The most divisive social issues of the past half-century can best be summarized in four words…
It’s all about me.
Let’s take these issues in the cycle of life order.
Start with abortion.
Full disclosure – I believe in very strong limitations on abortion rights. I can find an intellectual defense to abortion when the conception is the direct result of a criminal act (rape or incest). I can also find a defense for an abortion if carrying the pregnancy to full term would be a direct threat to the mother’s health (I would hope, though, that – given the advances technology has made in recent years – efforts would be made to save both lives in the process).
But I cannot defend the procedure called “partial-birth” abortion. I cannot defend allowing minors unfettered access to abortion without parental notification – after all, if the kid skips out without paying the bill, who gets to foot it? The parents.

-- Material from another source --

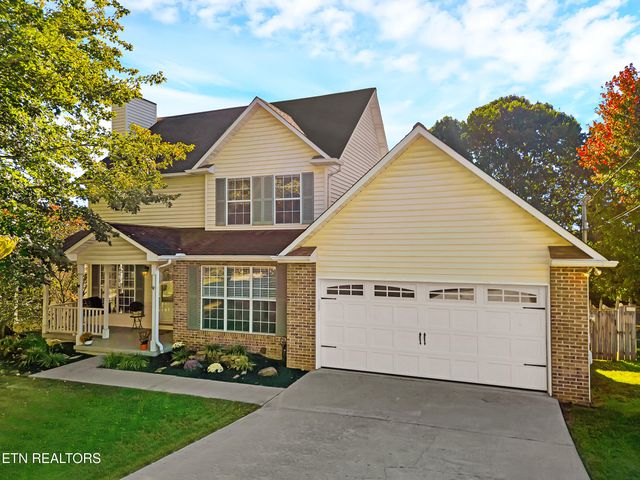 7543 Holly Crest Lane, Knoxville, TN 37938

And I cannot find a general defense for the abortions of convenience which seem to be the majority of abortions performed in North America. It’s an abdication of responsibility for one’s behavior for convenience sake. I will grant that many of these decisions are not easy decisions to make; case studies have shown that there are long-term ramifications in many cases. But I can’t defend a culture that views terminating a pregnancy as little more than after-the-fact birth control.
Proponents of unfettered abortion rights say it’s all about the woman’s “right to choose.”
Translation: It’s all about me.
Next up: Same-sex marriage.
Full disclosure – I don’t support it. I could be convinced that homosexual couples should be receiving some – repeat, some – of the benefits of their partnership that married heterosexual couples receive. If a couple has held itself as a couple, invested in a property as a couple, etc., then I would question the hoops that they must jump through, such as being able to participate in each other’s health decisions, inheritance issues, etc. But marriage – by the definition of every society, monotheist, multitheist, even atheist – is a coupling of the sexes. Not two of one kind; one (and in polygamist societies, which I find abhorrent, more than one) of each kind. In that evolved theory, which has served societies pretty well for centuries now, marriage is an institution devoted to bringing children into the world and preparing them for adulthood. It’s about the kids.
Proponents of same-sex marriage say it’s about the two adults’ love for each other.
Translation: It’s all about me.
Last on this rant: The right to die.
Full disclosure – There is a line that I cannot cross. I can accept a person’s refusal of extraordinary measures that would merely prolong life by technological means. (I do not place feeding and hydrating in the category of extraordinary measures, by the way.) Certainly, at some point, we will die; that is one rule of nature we cannot overturn. But those who would advocate hastening death because of pain, depression, or other less-than-terminal matters are crossing a line that should not be crossed. In fact, I seem to recall reading recently that in the Netherlands, where assisted suicide is permitted, that some doctors were being overzealous in their assistance. If you don’t see this as a problem, you and I will just have to disagree.
Proponents of assisted suicide say it’s about a person’s right to end a life that is no longer “worth living.”
Translation: It’s all about me.
Rebuttal: Society, friends, is not “all about me.”